Got a quick mow in with the push reel. Grass is looking 10x healthier than previous years. Celsius wiped out a huge chunk of weeds that was slowly taking over. I did a very small plug job. I thought "What the hell? It cant hurt."



Current state of the lawn


----------



## lvlikeyv (Jan 26, 2019)

Did some landscaping and got a quick mow in before the rains come. 




I posted on my journal a while ago the milorganite bag had the incorrect setting for my spreader which ended in me dumping a huge trail. Well it definitely shows. If anyone was skeptical about Milorganites efficacy let this be the proof. You can see the semi circles formed when I spread the fert. It's not that noticeable through the pictures but damn is it ever in real life.


----------



## lvlikeyv (Jan 26, 2019)

6/1/2019 
sprayed Penterra in hopes of preventing pooling on either side of my lawn. As far as that goes, it has does absolutely nothing. Pooling is just as bad. I am seeing some improved water retention in areas that were otherwise very compacted. I can feel some give when I walk over it so hopefully I will see some grass coverage in the upcoming weeks.

6/7/2019
spread 26-0-11 fert at .75/M. I had a small amount of Milo in a bag so I dumped that in as well. I liked the green up from the iron (I believe)

I purchased a SunJoe power rake. I can guarantee my lawn hasn't be dethatched in 5 years. I'll post some before/during/after photos when I use it.


----------



## lvlikeyv (Jan 26, 2019)

Got in a quick mow and edge before the rains come. I cannot believe how much better my lawn looks compared to last year. I am blown away and am loving the results.

I just bought a sun Joe dethatcher and I'm excited to see how it turns out. Plan on spreading some more fert and penterra in the next couple of days. As I stated before, i am not seeing any results in regards to the reduction of ponding in poorly draining areas. But I am seeing some good results in water retention in areas that were otherwise hard and compacted allowing grass to migrate and fill in a hell of a lot faster than before.


----------



## lvlikeyv (Jan 26, 2019)

Quick side by side shows areas that were bare dirt after our deck renovation are almost completely filled in.


----------



## lvlikeyv (Jan 26, 2019)

6/23/2019
Mowed at 1.5" HOC with the Fiskar's push reel. Then got to use my new SunJoe Dethatcher. I set the height at -5, and ran it in two different direction, then used the rotary in two different direction to vacuum up all the crud. (5 passes all together makes for one hell of a day.)

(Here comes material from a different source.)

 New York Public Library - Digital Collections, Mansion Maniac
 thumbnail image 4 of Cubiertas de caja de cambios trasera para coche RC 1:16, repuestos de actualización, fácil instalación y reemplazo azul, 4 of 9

Pretty impressed and pleased with the results from the SunJoe, especially since it was only around $100. 
The grass catcher that came with it is absolutely pointless. People reported having issues when using an extension chord, but if you plan your passes strategically you will not have any issues.

We plan on having people over for the 4th, I plan on spraying another app of MSMA to completely kill off the Dallis Grass then put down some Ironite a couple days before to really give it some green.

Loving the process and results of the journey. Very rewarding, especially when the neighbors start taking notice.


----------



## lvlikeyv (Jan 26, 2019)

6/30/2019
Spread some Ironite at a rate of 3Lbs/1000 square feet. We're having family and friends over for the 4th and I want some nice deep green in the lawn when they're here.


----------



## lvlikeyv (Jan 26, 2019)

7/10/2019
Just a little before and after photo. 
Mid to late March - Early July


----------



## lvlikeyv (Jan 26, 2019)

2/8/2021
Spread 1/2 rate of Prodiamine and watered in thoroughly. 
I was worried I was too late and the soil temps got to warm, then I see it's supposed to get down to 16 degrees here on two different days. I think I'll be okay.

I plan on scalping early March and again late April/Early May as this is the year I attempt to level my yard.


----------



## lvlikeyv (Jan 26, 2019)

Scalped using the Greenworks corded mower down to 1.5" then followed it up with the Fiskar's manual reel. If you want to get a workout, try scalping your yard with a manual reel mower. I don't wish that upon anyone. 
I got it down to around 1". Backyard is very uneven so I hurt dirt in several places. 
This is the year I level the backyard!


----------